Bottom Up Intelligence

Engage the vast amount of intellect by empowering your teams from the bottom up! Allow them to take full responsibility for their processes and give them the freedom to innovate and create products that will truly delight your customers.

Manage Knowledge

One key aspect of successful Agile adoption is knowledge management. Encourage your teams to share the valuable knowledge they gain while solving impediments specific to their setting. This will prevent reinventing the wheel and help the entire organization learn and grow together.

Planning and Execution

Planning for Agile adoption can seem daunting with so many variables, parallel activities, paths, and feedback loops. However, it’s important to remember that planning is an iterative process. Plan to replan and be open to change along the way! 

Launching your first product group can take anywhere from a few weeks to a few months, but don’t let preparation take too long. Prolonged preparation can drain your team’s energy and enthusiasm, leading to a lack of momentum for change.

We recommend learning as you go rather than striving for perfection right from the start. After launching, the focus should shift to supporting the teams and product ownership in the new way of working. Get ready to see amazing results and a more agile organization!

Overview of an Adoption Approach

To provide an overview of the adoption approach, we start with a bird’s-eye view of the activities crucial for large-scale adoption and reference the chapters where you can find the activity details. After that, we provide overarching adoption guidelines.

A Bird’s-Eye View of Adoption Activities

We have found the following topics crucial for an Agile transformation. We don’t presume you’ll follow a hierarchical, order-specific process because you’re dealing with a complex system. Many of the activities occur in parallel, some of them happen before the product group launch, and some may happen mid-transformation. In some contexts, you may consider some activities irrelevant.

Prepare the Product Group (Chapter 8)

In this section, we’ll show you how to do just enough preparation to ensure a successful start.

Involve the managers. 

It is difficult to grow effective Scrum teams without senior management involvement. That is because these executives have the authority to resolve organizational impediments and change the system of work. Avoid starting your adoption without making sure senior leadership is onboard and involved. Don’t expect senior management to be committed yet, as they have likely not experienced real Agile development yet.

Understand the current reality. 

Often people start an Agile transformation without a deep appreciation of the current reality. To find the areas of highest leverage, you need to carefully understand the current reality first. This includes a brutally honest understanding of your current development process and management system.

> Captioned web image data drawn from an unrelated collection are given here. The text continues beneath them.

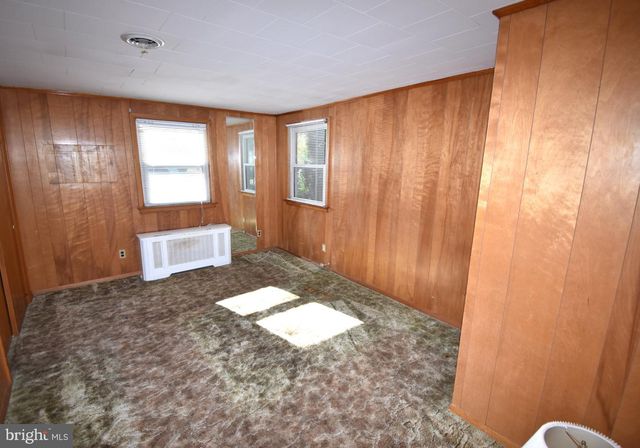 1307 HIGH ST, Burlington, NJ 08016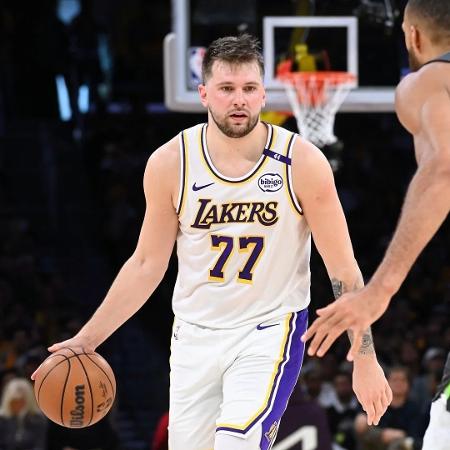 Luka Doncic em ação na série de playoffs entre Lakers e Timberwolves Luka Doncic em ação na série de playoffs entre Lakers e Timberwolves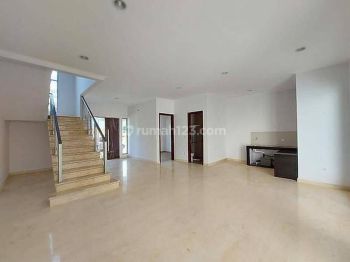 Rumah Golf Island Pik Ukuran 8x20 2 lantai siap huni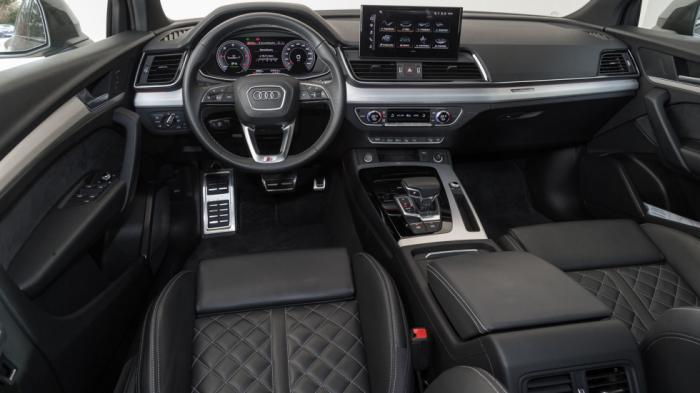  Η καμπίνα του Audi Q5 αποθεώνει την έννοια του premium: Πολυτελή υλικά, εξαιρετικό φινίρισμα, συναρμογή υπεράνω κριτικής και hi-tech διάκοσμος.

Create a vision of what to become.

It is crucial to align everyone involved on the vision of what you want to achieve with the transformation: The path: Business objectives → Optimization goals → Teams’ expectations. Alignment creates a clear goal and focus. It can also be improved with change stories.

Identify the product. 

The product definition determines which organizational elements (people, components, processes, and systems) will be part of the first step in the transformation.

Hold awareness sessions.

Organize sessions that people can attend to discover and learn about adopting the Agile way of working. For example, you might organize periodic sessions on Tuesdays and Thursdays, where people are free to walk in and attend. In these sessions, management and you can engage with the participants on the reasons, objectives, and ideas for the adoption.

Practice nonviolent education.

Teach the why behind the Agile processes, structure, and values to create deep understanding. Invite people and teach whoever comes in. If the workshop is good enough, there will be a word-of-mouth effect and new volunteers will show up soon.

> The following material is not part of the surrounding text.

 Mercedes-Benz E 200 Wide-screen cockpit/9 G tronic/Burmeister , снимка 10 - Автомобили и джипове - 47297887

Volunteer to participate in the product group. 

It is not fair to ask people to volunteer for something they do not understand yet. People outside the product group might want to join, and people inside the product group might want to leave it. Facilitate a volunteering session after educating the people about the implications of working in the product group.

Co-create the change. 

Invite the people impacted by transformation to co-create the change, to share ideas, hopes, and dreams. Co-creation increases the chances of success for any change or product initiative.

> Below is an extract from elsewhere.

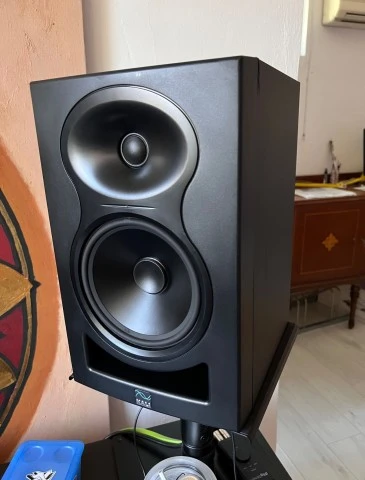 Kali Audio LP-6 and gravity stands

Hold knowledge sharing workshops.

People might want to learn about new product work areas before the first iteration. The current functional teams should organize mobbing workshops that people can join to learn more about their functions and product work areas.

Launch the Product Group (Chapter 9)

We’ve put together a list of activities and workshops that we find useful for a successful launch. Use the ones that fit your specific context and make your launch as unique and memorable as your product itself.

Create the product definition of done (DoD). 

DoD is everything a team must do to a feature so that the product is still ready for delivery to end users with the new feature added to it.

Hold a feature team adoption map workshop. 

Aligning on feature team adoption is the first step and a potential next step toward creating the perfect feature team.

Hold a self-designing teams’ workshop. 

Facilitate a workshop where people volunteer to be part of a specific team.

Hold team lift-off workshops.

Facilitate lift-off workshops to lay a solid foundation for team success.

Identify and launch communities. Create conditions for communities to emerge that address cross-cutting concerns within the product group.

Identify coordination mechanisms. 

With the elimination of single-function teams, determine which coordination mechanisms and team roles are required.

Facilitate decision making. 

Create decision rules that will guide teams in their work.

Create useful checklists.

Reduce uncertainty by creating checklists that address typical problems in a large-scale environment.

Coaching Teams (Chapter 10)

Below we share tools and techniques to guide team development and facilitate healthy team dynamics.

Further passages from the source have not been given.